Lima Tahun Berkarya, MAJu Ciptakan Akses Keadilan yang Berkesinambungan
Terbaru

Lima Tahun Berkarya, MAJu Ciptakan Akses Keadilan yang Berkesinambungan

Lima tahun berkarya dan berupaya mewujudkan tercapainya akses keadilan untuk kelompok marjinal, secara resmi program MAJu berakhir pada September 2021.

Oleh:
Tim Publikasi Hukumonline
Bacaan 5 Menit
Closing Ceremony eMpowering Access to Justice (MAJu)-The Asia Foundation (TAF): Menuju Akses Keadilan untuk Semua. Foto: RES.
Closing Ceremony eMpowering Access to Justice (MAJu)-The Asia Foundation (TAF): Menuju Akses Keadilan untuk Semua. Foto: RES.

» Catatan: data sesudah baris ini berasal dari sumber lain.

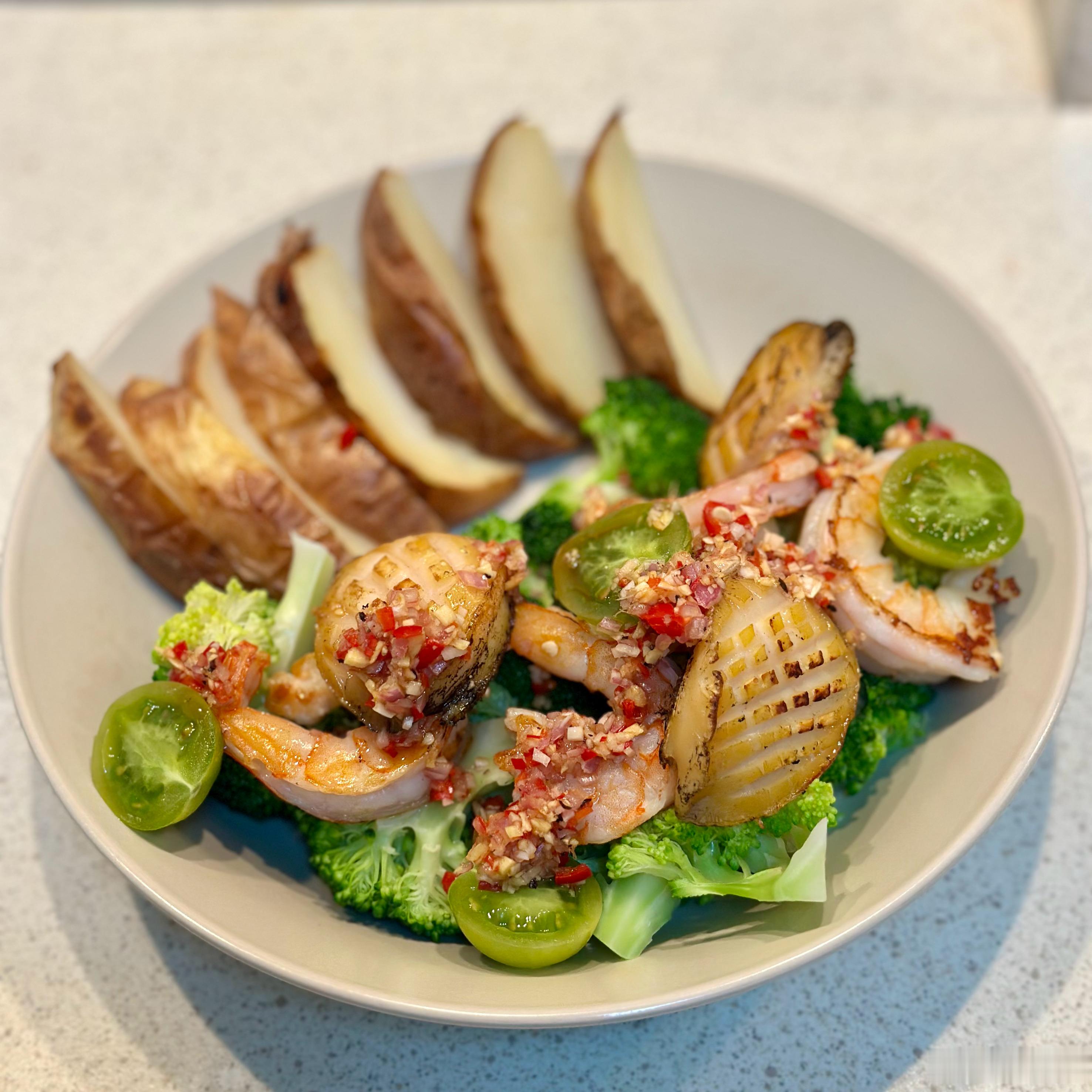 午餐。酸辣凉拌西兰花、虾和鲍鱼。鲍鱼和虾是煎的。因为今天要吃煎饼，平底锅已经烧好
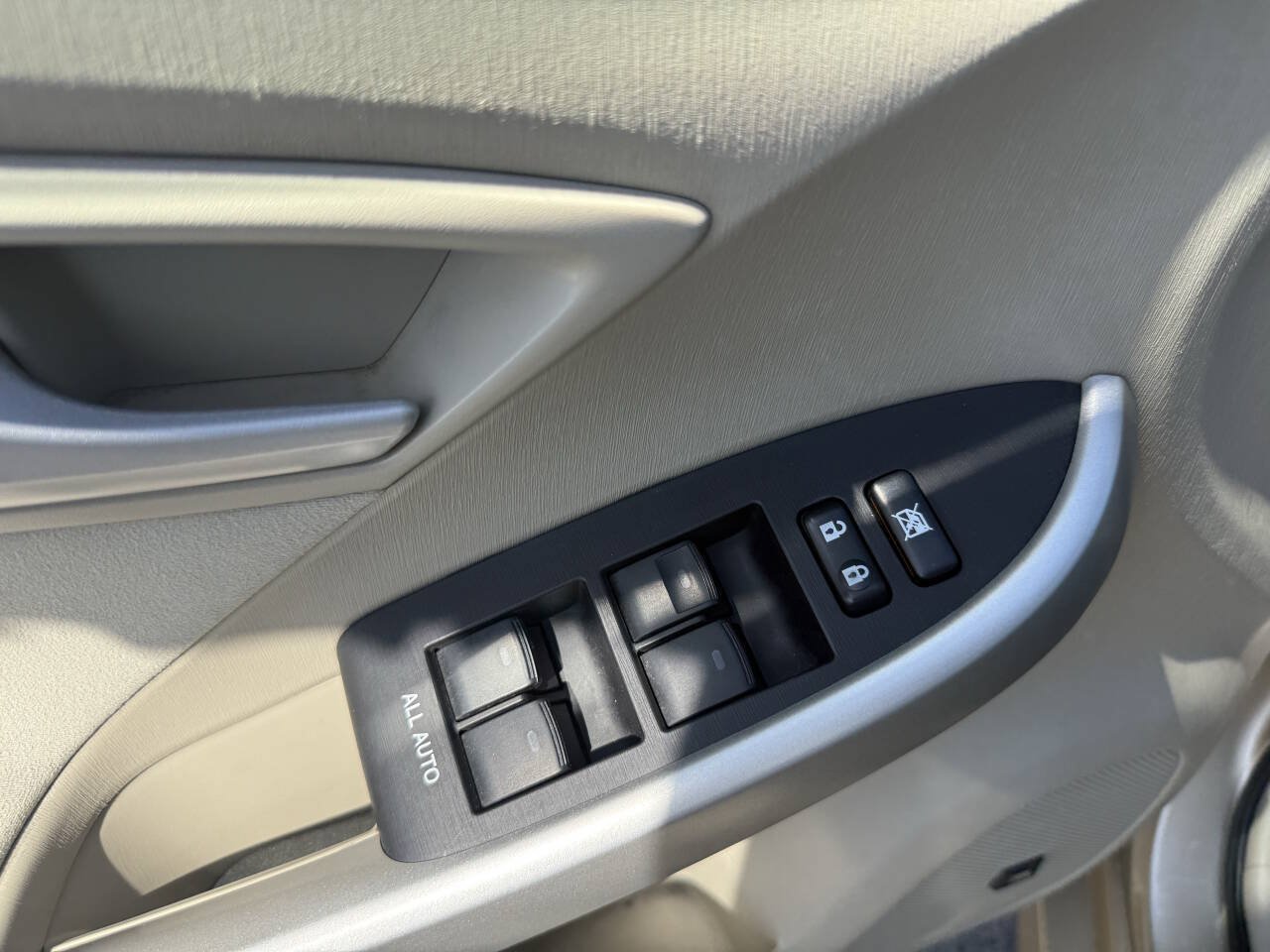 Used 2010 Toyota Prius Three FWD image 16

Usai lima tahun berkarya dan berupaya mewujudkan tujuan tercapainya akses keadilan untuk kelompok marginal, program eMpowering Access to Justice (MAJu) akan resmi berakhir pada September 2021. Melalui perluasan bantuan hukum, kerja sama The Asia Foundation dan United States Agency for International Development (USAID) ini menyasar empat kelompok rentan, yaitu minoritas agama dan etnis; masyarakat adat; individual yang termarginalkan, seperti populasi kunci HIV/AIDS atau difabel; serta perempuan.  

Selama 2016 hingga 2021, MAJu melesat dengan berbagai capaian, baik di level kebijakan, perbaikan sistem layanan, peningkatan kapasitas dalam mengakses layanan terkait hak-hak konstitusional, maupun solidaritas antarkomunitas rentan yang telah terbangun. Sejumlah pendekatan telah diimplementasikan sesuai kebutuhan, seperti peningkatan kapasitas untuk mitra, komunitas, serta instansi pemerintah terkait.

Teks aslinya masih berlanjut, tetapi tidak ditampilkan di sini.